His Cabinet reshuffle offered what the opposition and the media asked our past presidents for: he got rid of ministers who, he wanted us to understand, were not performing.

That is something Nelson Mandela and Thabo Mbeki never did (when Mbeki dropped Pallo Jordan and Derek Hanekom from his Cabinet, he did it only when reforming his government after an election).

But the closest Zuma got to actually saying that the ministers he sacked weren’t performing was: “We reiterate that we need a national executive and public service that knows where our people live, who fully understand the needs of our people and what we are trying to do.”

Forget about those diplomatic evasions. Zuma acted in a manner that could create new enemies, but which was mostly calculated to manage old ones and win friends.

Zuma’s leadership
The last time the president came close to showing such clear leadership was when he took on Julius Malema and his youth league cohorts at the ANC’s September National General Council and warned them that he would not hesitate to act against their indiscipline. He won some plaudits for that.

Can we learn from these two rare moments what it takes for our president to stop pussyfooting around?

Government communicators would argue that he acts when he sees that service delivery is being compromised. It is an answer that calls for more questions.

How do we define the parameters of delivery success and failure? Which services matter more to him than others? It is fair to ask whether education (higher and basic), local government and public service administration represent areas of outstanding delivery.

What has improved in local government, you may ask? Why are we keeping Sicelo Shiceka?

In fact, local government service delivery continues to deteriorate while corruption has become endemic.

Local government elections
At this rate, support for the ruling party is likely to drop in local government elections next year. But because of the incredibly weak state of our opposition parties, the ANC is unlikely to surrender actual control of municipalities, except for some in the Western Cape.

Why has Zuma kept Public Service and Administration Minister Richard Baloyi, who blundered his way through sensitive salary negotiations with public sector unions?

Why is the former water and environmental affairs minister, Buyelwa Sonjica, more deserving of the axe, than for example, State Security Minister Siyabonga Cwele?

What puts Arts and Culture Minister Paul Mashatile ahead of other deputy ministers to deserve promotion to minister? Ditto Social Development Minister Bathabile Dlamini?

The former sports and recreation minister, Makhenkesi Stofile, slept at his post for two terms and had to go.

Siphiwe Nyanda
The former communications minister, Siphiwe Nyanda, provided poor leadership in his department and the state bodies under his control. In his case, however, poor performance conveniently reinforced the political imperative behind his departure: he was simply too closely associated with people agitating against Zuma’s continued leadership of the ANC.

Nyanda’s ouster represents the one truly risky move in the reshuffle.

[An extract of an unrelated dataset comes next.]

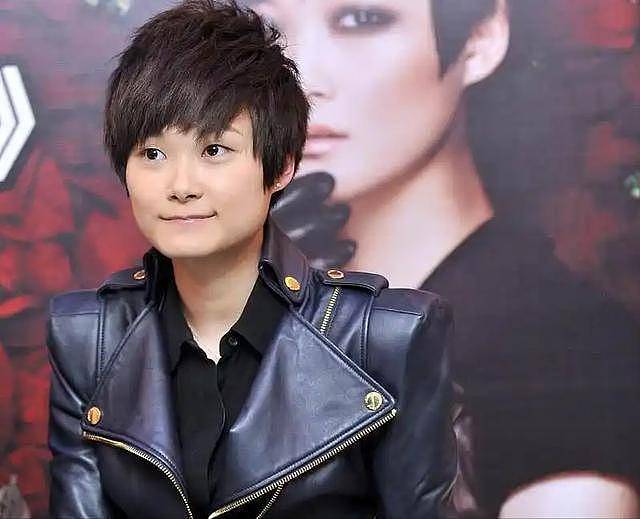 李宇春摊牌!首次揭穿背靠大佬、瘫痪真相,太离谱(组图) - 8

The general’s strong intelligence and background in defence and politics leave him well equipped for a fight, and I suspect he is a man the spooks will watch closely in the run-up to the ANC’s 2012 conference.

The axing of Nyanda’s Cabinet adversary, former public enterprises minister Barbara Hogan, is a much safer move. Exactly a year ago, I wrote that the ANC must fire the minister or else she must resign: “Not because she is incompetent, but because she has lost the respect and confidence of many of her colleagues in government and in the ANC. She is clearly bereft of political clout and no longer in a position to enforce her own decisions.”

Given Zuma’s refusal to provide any reasons for the reshuffle and the half-hearted explanations coming from those associated with him, we have to make sense of what is before us. And it is the ministers and the departments which are at the heart of service delivery to the majority poor: health, education, crime and local government that have been left untouched.

In short the president believes that he has to speed up service delivery, but that the departments that look after the ANC’s top five priorities should not be tinkered with. Does that make sense?

Friend or foe
The security cluster, which includes ministers who are loyal friends of the president, is also unaffected.

The choice of deputy ministers to be promoted also tells a tale. Take Dlamini, who headed Zuma’s office before he was appointed president; Deputy Home Affairs Minister Malusi Gigaba, who used to be close to Mbeki but has moved steadily closer to Zuma and is critical of the current youth league leaders.

Mashatile, who leads a province that has already discussed the possibility of putting forward a name other than Zuma for ANC presidency in 2012, is better kept busy inside rather than outside. And the same applies to Sports and Recreation Minister Fikile Mbalula.

Not so long ago former president Thabo Mbeki was accused of “packing” the Cabinet with his supporters.

I am afraid history is repeating itself. The answer to the question, “When does the president act?” should be obvious. Like all other politicians, when he believes his power and security of tenure are at risk.